While many contributors to Gold’s book describe knowing they were gay from a young age, Harris and others argue homosexuality is a choice, and the Bible says it’s an abomination before God.
“I just don’t buy that it’s a natural inclination,” he says.
Still, Harris says he’d welcome anyone featured in the book to worship at his church. “We love the person caught in the sin of homosexuality. It’s the sin we hate.”
Gold, however, remains optimistic.
“Where I live,” he says, “so many people say to me privately, ‘I don’t know what to believe.’ We think there’s a big crack in the wall.”
He plans to donate 1,000 books to churches to reach people with anti-gay views. “One thing I know: These are good people…. They don’t realize the harm they’re causing.”
Harris says he’d pass up any free books. “I would most likely not become a distributor of that philosophy.”

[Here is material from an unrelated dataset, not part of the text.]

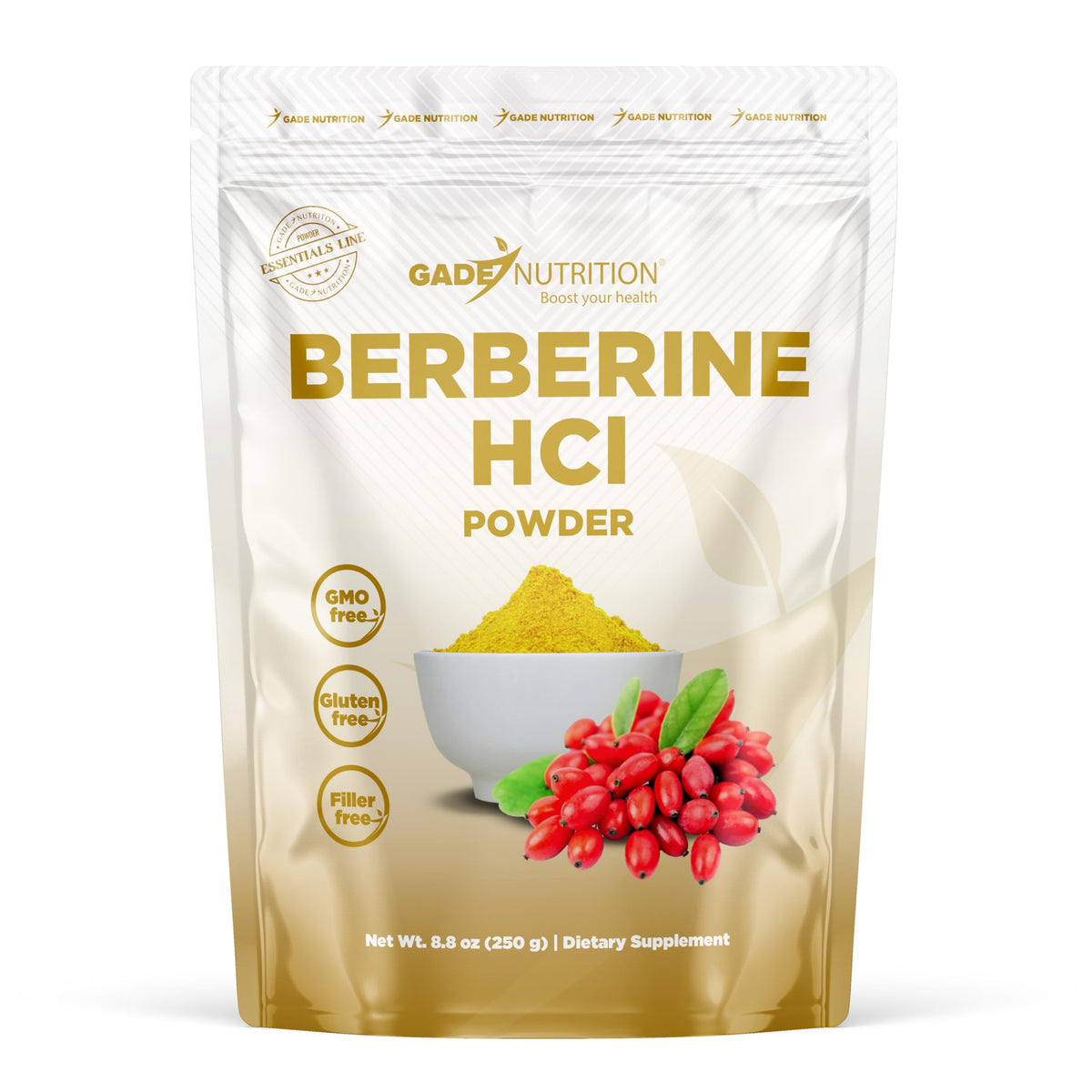 GADE Nutrition Berberine HCl powder bottle with concentrated extract for daily use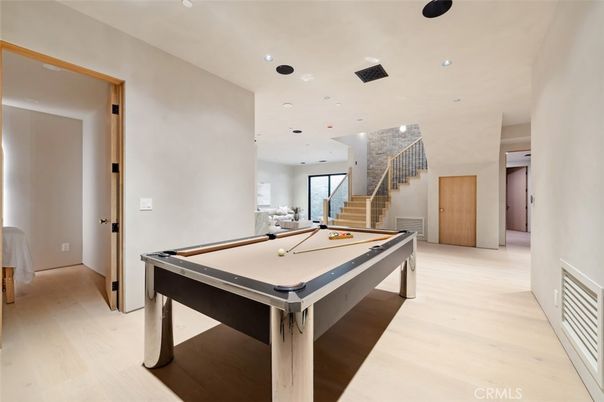 Billiard Table, Game Room, Interior, Recessed Lighting, Wood Texture Flooring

It saddens me that Pastor Harris is unwilling to listen to the voices of gay Christians who have been turned away from the church and left with life-long scars from the abuse they experienced there — people like me. I’m not too terribly surprised by his position though; after all, it is Harris who is closely affiliated with the radical Coalition of Conscience (which is, in turn, closely affiliated with the extremist street-preaching protest group Operation Save America — a group not too far off from being a bona fide hate group).
Harris thinks being gay is a choice. How does he know? Has he walked my path? Has he put on the shoes of the 39 other contibutors to the book?
Harris says he doesn’t want to “become a distributor of that philosophy.” What “philosophy” is he talking about? All I’m pushing, and all Mitchell Gold and the other contibutors are pushing, is understanding. Just listen to us. Hear our stories. Feel our pain. Take up your responsibility and obligation as a spiritual leader and hear the voices of God’s people.
Alas… Harris doesn’t want to hear any of us.
“Back into the closet,” he exclaims. “I don’t care about your pain.”
Well… I guess that’s better than preaching all queers should die.